What the exercise asks
Gather up every line from the entries below that uses the word "Hall".

Record excerpts
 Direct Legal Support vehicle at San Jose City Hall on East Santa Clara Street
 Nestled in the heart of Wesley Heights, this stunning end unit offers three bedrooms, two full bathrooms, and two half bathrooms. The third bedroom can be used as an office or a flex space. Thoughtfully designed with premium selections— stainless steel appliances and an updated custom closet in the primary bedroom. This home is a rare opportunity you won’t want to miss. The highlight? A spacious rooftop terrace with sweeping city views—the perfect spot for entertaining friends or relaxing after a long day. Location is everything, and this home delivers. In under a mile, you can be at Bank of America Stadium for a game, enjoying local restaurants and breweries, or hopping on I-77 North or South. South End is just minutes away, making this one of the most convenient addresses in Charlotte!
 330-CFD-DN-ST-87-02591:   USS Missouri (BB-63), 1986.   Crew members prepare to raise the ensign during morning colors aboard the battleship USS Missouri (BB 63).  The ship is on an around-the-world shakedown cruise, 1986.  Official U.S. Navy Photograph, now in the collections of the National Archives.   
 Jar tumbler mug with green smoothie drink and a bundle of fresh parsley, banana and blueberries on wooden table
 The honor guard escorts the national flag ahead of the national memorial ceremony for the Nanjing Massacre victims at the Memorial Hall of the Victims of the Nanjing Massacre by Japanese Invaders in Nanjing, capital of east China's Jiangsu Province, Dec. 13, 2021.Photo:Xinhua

Expected answer
 Direct Legal Support vehicle at San Jose City Hall on East Santa Clara Street
 The honor guard escorts the national flag ahead of the national memorial ceremony for the Nanjing Massacre victims at the Memorial Hall of the Victims of the Nanjing Massacre by Japanese Invaders in Nanjing, capital of east China's Jiangsu Province, Dec. 13, 2021.Photo:Xinhua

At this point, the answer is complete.